## Task requirements
From the records below, output exactly the lines running from the line containing "2.0 TDI L2H1" through the line containing "Blagoja Chushkov, Thinker, Patinated", and no others.

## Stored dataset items
_ _ _ _ _ _ _
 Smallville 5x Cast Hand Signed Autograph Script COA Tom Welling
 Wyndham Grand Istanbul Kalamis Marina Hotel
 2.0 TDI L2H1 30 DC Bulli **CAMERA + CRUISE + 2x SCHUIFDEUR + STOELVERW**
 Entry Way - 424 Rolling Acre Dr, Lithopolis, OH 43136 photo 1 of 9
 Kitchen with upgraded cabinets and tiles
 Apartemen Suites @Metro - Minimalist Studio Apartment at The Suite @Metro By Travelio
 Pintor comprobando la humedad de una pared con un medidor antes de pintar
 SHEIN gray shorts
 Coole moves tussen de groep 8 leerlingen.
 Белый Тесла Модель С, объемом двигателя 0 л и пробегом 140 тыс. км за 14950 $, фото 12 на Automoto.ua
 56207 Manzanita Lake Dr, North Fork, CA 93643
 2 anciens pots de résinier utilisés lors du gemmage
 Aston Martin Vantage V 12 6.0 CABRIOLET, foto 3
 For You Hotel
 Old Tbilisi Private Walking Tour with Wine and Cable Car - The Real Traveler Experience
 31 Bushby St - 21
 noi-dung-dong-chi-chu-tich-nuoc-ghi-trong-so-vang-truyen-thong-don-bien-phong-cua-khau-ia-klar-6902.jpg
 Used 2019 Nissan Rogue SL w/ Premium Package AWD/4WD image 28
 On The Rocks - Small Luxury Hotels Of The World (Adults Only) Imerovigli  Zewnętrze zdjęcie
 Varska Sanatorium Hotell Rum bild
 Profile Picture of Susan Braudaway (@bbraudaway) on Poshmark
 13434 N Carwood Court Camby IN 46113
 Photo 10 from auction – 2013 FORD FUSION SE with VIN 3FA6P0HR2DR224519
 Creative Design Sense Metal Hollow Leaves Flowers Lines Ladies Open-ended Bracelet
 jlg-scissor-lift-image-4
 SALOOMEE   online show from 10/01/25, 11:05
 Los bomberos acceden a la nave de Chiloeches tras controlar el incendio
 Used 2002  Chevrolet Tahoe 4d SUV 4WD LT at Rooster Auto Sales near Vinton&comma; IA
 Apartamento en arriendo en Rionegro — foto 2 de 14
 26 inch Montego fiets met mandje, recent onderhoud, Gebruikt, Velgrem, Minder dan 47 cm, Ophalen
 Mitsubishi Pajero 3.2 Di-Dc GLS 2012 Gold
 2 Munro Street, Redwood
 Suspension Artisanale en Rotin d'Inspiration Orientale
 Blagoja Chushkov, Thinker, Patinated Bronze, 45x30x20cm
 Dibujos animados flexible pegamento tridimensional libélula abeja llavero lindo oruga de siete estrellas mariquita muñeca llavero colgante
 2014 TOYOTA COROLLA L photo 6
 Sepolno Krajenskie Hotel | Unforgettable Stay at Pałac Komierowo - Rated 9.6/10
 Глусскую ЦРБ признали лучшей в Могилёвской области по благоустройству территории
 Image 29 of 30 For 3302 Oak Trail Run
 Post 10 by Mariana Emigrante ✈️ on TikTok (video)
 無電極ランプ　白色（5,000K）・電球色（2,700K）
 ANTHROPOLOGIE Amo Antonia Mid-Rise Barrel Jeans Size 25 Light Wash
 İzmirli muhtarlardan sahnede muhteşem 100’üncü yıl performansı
_ _ _ _ _ _ _
## The completed task
 2.0 TDI L2H1 30 DC Bulli **CAMERA + CRUISE + 2x SCHUIFDEUR + STOELVERW**
 Entry Way - 424 Rolling Acre Dr, Lithopolis, OH 43136 photo 1 of 9
 Kitchen with upgraded cabinets and tiles
 Apartemen Suites @Metro - Minimalist Studio Apartment at The Suite @Metro By Travelio
 Pintor comprobando la humedad de una pared con un medidor antes de pintar
 SHEIN gray shorts
 Coole moves tussen de groep 8 leerlingen.
 Белый Тесла Модель С, объемом двигателя 0 л и пробегом 140 тыс. км за 14950 $, фото 12 на Automoto.ua
 56207 Manzanita Lake Dr, North Fork, CA 93643
 2 anciens pots de résinier utilisés lors du gemmage
 Aston Martin Vantage V 12 6.0 CABRIOLET, foto 3
 For You Hotel
 Old Tbilisi Private Walking Tour with Wine and Cable Car - The Real Traveler Experience
 31 Bushby St - 21
 noi-dung-dong-chi-chu-tich-nuoc-ghi-trong-so-vang-truyen-thong-don-bien-phong-cua-khau-ia-klar-6902.jpg
 Used 2019 Nissan Rogue SL w/ Premium Package AWD/4WD image 28
 On The Rocks - Small Luxury Hotels Of The World (Adults Only) Imerovigli  Zewnętrze zdjęcie
 Varska Sanatorium Hotell Rum bild
 Profile Picture of Susan Braudaway (@bbraudaway) on Poshmark
 13434 N Carwood Court Camby IN 46113
 Photo 10 from auction – 2013 FORD FUSION SE with VIN 3FA6P0HR2DR224519
 Creative Design Sense Metal Hollow Leaves Flowers Lines Ladies Open-ended Bracelet
 jlg-scissor-lift-image-4
 SALOOMEE   online show from 10/01/25, 11:05
 Los bomberos acceden a la nave de Chiloeches tras controlar el incendio
 Used 2002  Chevrolet Tahoe 4d SUV 4WD LT at Rooster Auto Sales near Vinton&comma; IA
 Apartamento en arriendo en Rionegro — foto 2 de 14
 26 inch Montego fiets met mandje, recent onderhoud, Gebruikt, Velgrem, Minder dan 47 cm, Ophalen
 Mitsubishi Pajero 3.2 Di-Dc GLS 2012 Gold
 2 Munro Street, Redwood
 Suspension Artisanale en Rotin d'Inspiration Orientale
 Blagoja Chushkov, Thinker, Patinated Bronze, 45x30x20cm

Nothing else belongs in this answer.